Ministerie lnv

http://www.minlnv.nl

nr. 33 31 maart 2006

9,9 Miljoen euro voor onderzoek naar genetisch gemodificeerde aardappel

Het project voor de ontwikkeling van een genetisch gemodificeerde aardappel die resistent is tegen de aardappelziekte phytophthora krijgt 9,9 miljoen euro uit het Fonds Economische Structuurversterking (FES). Minister Veerman van Landbouw, Natuur en Voedselkwaliteit (LNV) had hiervoor een aanvraag ingediend.

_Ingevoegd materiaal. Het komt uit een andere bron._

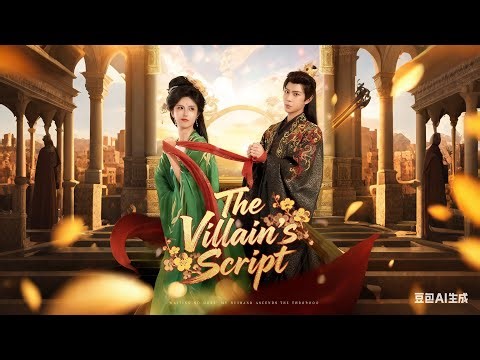 The Villain's Script💀He Was Destined to Be a Tyrant . But She Tamed Him With Love #KalosTV #drama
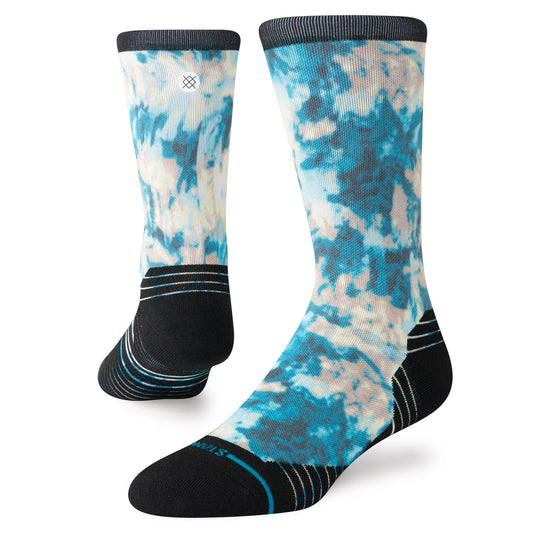 Stance Serengeti Light Crew Socken Blaugrün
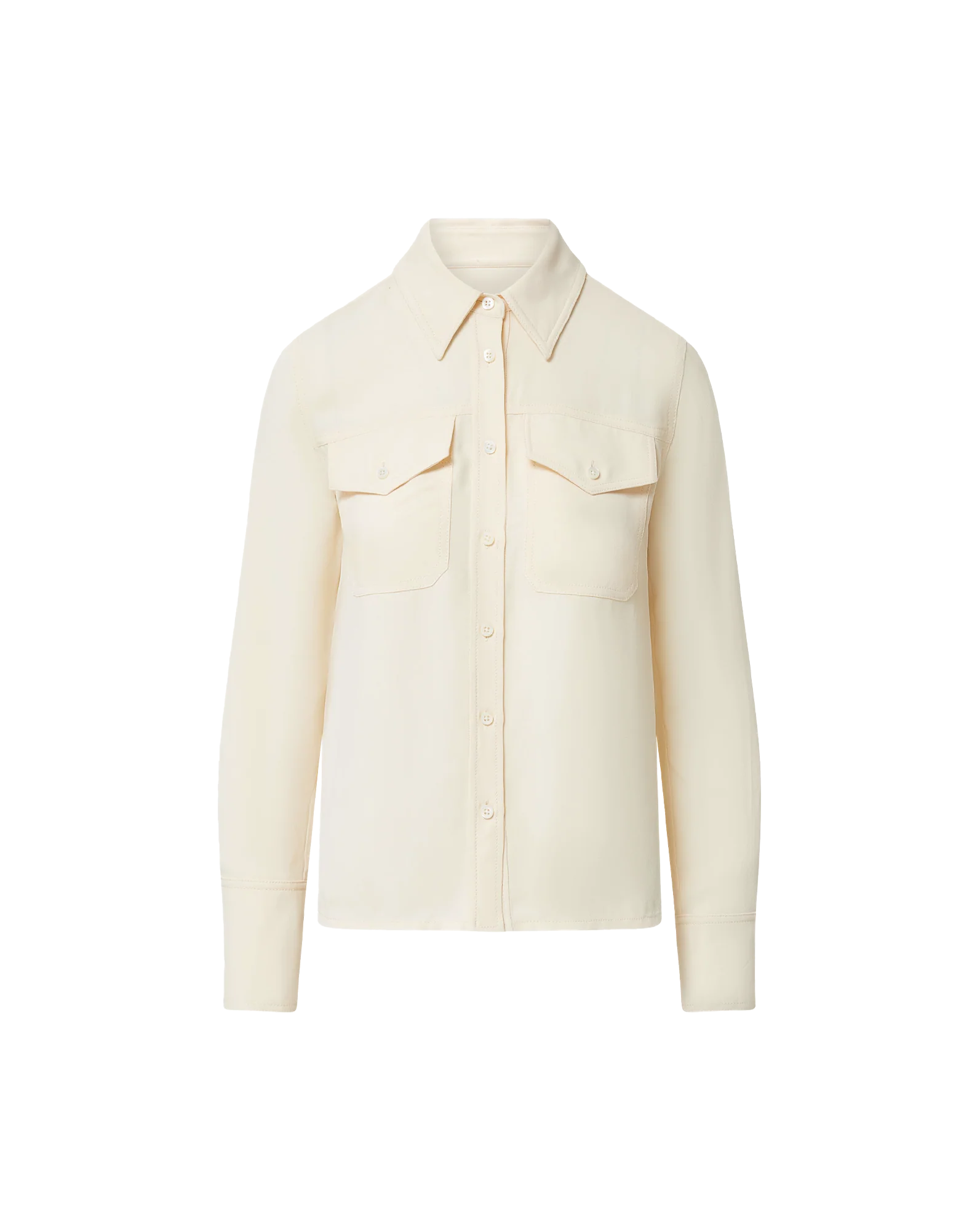 Pepper Button-Down Blouse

Het gaat om fundamenteel onderzoek met als doel het ontwikkelen van een aardappel die in hoge mate resistent is tegen de belangrijke aardappelziekte Phytophthora infestans. Hiertoe zullen genetische modificatietechnieken worden toegepast en aardappel-eigen genen. Het bestrijden van deze ziekte met gewasbeschermingsmiddelen tegen schimmels oftewel fungiciden is zeer belastend voor het milieu en vormt een grote schade- en kostenpost voor aardappeltelers en verwerkers. De ziekte komt overal ter wereld voor.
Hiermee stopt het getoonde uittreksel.